THE INPUT:

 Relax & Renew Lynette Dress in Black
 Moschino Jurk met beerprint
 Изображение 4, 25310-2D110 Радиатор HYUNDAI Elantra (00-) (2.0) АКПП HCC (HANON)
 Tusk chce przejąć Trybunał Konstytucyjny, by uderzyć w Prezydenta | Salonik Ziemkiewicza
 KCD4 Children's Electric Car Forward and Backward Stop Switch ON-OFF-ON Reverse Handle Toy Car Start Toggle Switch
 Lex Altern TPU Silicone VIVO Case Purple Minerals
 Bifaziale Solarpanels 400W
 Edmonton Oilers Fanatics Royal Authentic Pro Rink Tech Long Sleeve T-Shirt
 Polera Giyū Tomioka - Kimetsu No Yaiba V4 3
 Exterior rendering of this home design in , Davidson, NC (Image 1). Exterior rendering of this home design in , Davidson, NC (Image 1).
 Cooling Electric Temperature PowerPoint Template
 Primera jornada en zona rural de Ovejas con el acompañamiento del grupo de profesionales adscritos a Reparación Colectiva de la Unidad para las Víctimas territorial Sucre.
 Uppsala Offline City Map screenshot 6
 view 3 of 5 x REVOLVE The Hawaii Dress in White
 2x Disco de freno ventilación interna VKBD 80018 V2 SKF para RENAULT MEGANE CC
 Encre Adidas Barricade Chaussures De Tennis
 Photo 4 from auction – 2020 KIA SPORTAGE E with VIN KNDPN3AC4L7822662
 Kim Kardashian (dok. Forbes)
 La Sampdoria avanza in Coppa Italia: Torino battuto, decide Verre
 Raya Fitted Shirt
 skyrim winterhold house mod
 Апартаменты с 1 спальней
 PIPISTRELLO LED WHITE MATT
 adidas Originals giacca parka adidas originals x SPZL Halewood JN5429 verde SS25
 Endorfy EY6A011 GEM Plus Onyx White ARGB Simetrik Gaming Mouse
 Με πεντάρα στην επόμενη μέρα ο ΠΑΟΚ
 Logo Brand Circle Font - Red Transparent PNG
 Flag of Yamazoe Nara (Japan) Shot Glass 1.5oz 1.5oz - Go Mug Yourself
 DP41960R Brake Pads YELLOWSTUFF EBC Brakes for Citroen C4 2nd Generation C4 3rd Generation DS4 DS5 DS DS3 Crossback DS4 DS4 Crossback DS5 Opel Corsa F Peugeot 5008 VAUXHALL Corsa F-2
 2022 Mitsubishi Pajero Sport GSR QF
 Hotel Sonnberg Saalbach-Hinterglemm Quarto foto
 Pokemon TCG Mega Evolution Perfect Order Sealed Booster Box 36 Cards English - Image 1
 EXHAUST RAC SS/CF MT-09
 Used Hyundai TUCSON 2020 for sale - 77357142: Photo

YOUR OBJECTIVE:
Among the records above, find each line holding "Dress" and list it.

RESPONSE:
 Relax & Renew Lynette Dress in Black
 view 3 of 5 x REVOLVE The Hawaii Dress in White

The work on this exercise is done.